This discussion has been locked. The information referenced herein may be inaccurate due to age, software updates, or external references.
You can no longer post new replies to this discussion. If you have a similar question you can start a new discussion in this forum.

How Can I Alert on a Backup Failure of a node

So, I am aware of this thread: https://thwack.solarwinds.com/product-forums/network-configuration-manager-ncm/f/forum/55296/backup-failure-alerts And I am also aware the job logs can be emailed, but that is a very crude email or don't email approach. 

I also like the idea of the mop up action that showed, and I can see that working in some cases for us but not for all. We have >100 weekly backup schedules which attempt to backup >6k devices. We don't want folks to manually trawl through log files as we already get blindsided enough by emails and so need an automated method to do this.

Simply stated:

We need to alert on any specific node that fails to backup so that it can be raised as an incident.

- personally speaking I know this is likely to raise more manual work to go and trigger a fresh backup or investigate why it is failing, but in this glorious new world of automation, this is what management want. And, let's face it, there is only so much sense you can talk to management before they start demanding stuff Wink

Parents
  • I see where you are headed, and it makes sense.

    My NOC has a dashboard with these stats (and links to a report called NCM Backup Audit). 



    The report is powered by the SWQL below, I don't remember where this came from.
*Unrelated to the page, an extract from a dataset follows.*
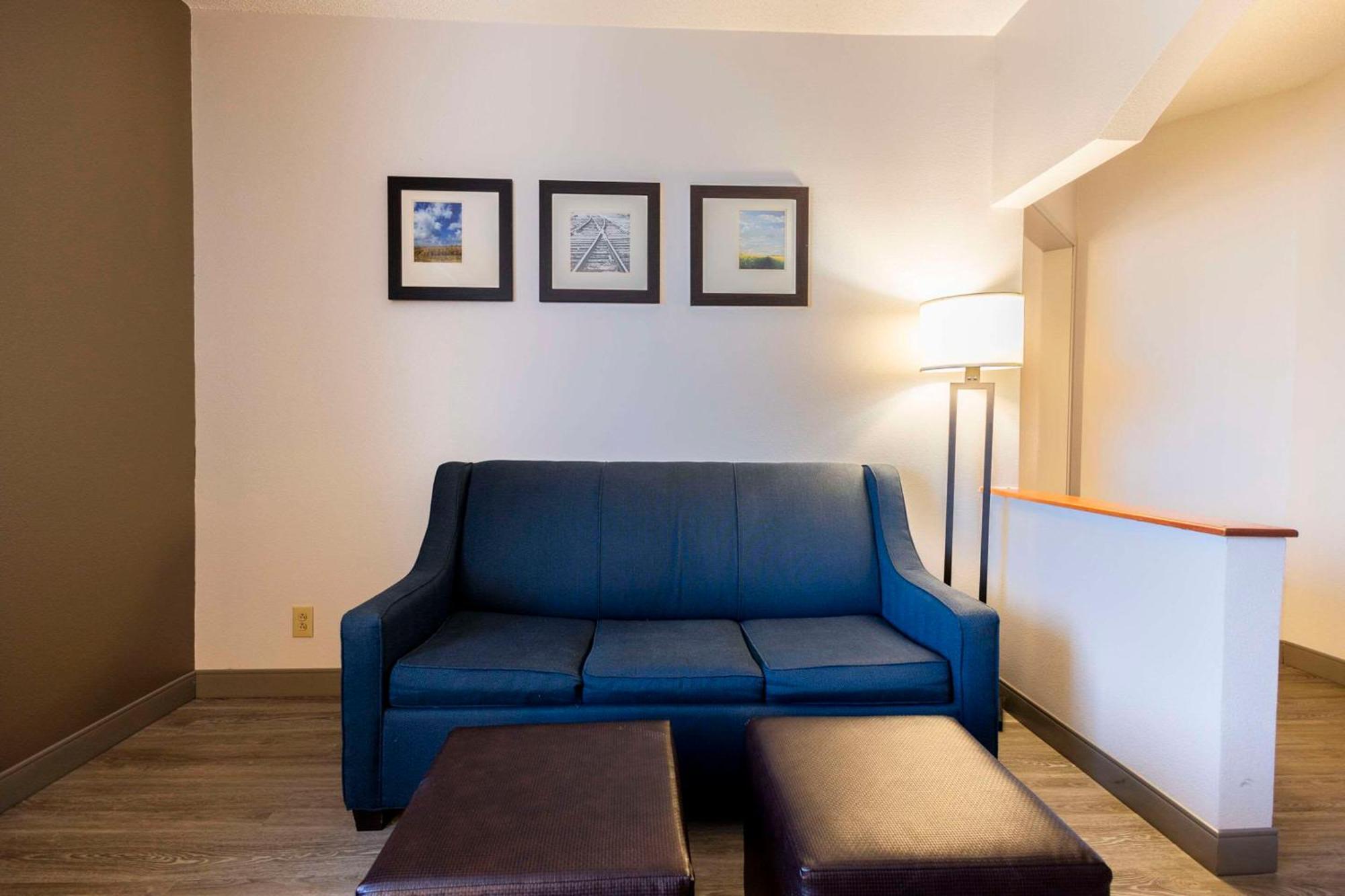 Comfort Suites Springfield Buitenkant foto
Might be default, I might have found it here on Thwack, heck, I occasionally even write it myself. 

    SELECT DISTINCT
    CASE WHEN CT.NodeID IS NOT NULL THEN 'BackedUp' ELSE 'NotBackedUp' END AS NCMStatus,     
    N.Caption,         
    N.IPAddress,
    N.DetailsUrl,
    N.Vendor,
    N.Status,
    N.Icon,
    NP.LoginStatus
    FROM NCM.NodeProperties as NP
    JOIN Orion.Nodes N ON N.NodeID = NP.CoreNodeID
    Inner JOIN Orion.Vendors OV ON N.Vendor = OV.Name
    LEFT JOIN NCM.ConfigArchive CT ON NP.NodeID = CT.NodeID
     

    So I 'know' that NCM will blank out a record from the ConfigArchive when the back up fails, which is why the report works. At least I hope it works and somebody smarter than me won't point out a huge gap in my understanding. It might happen. 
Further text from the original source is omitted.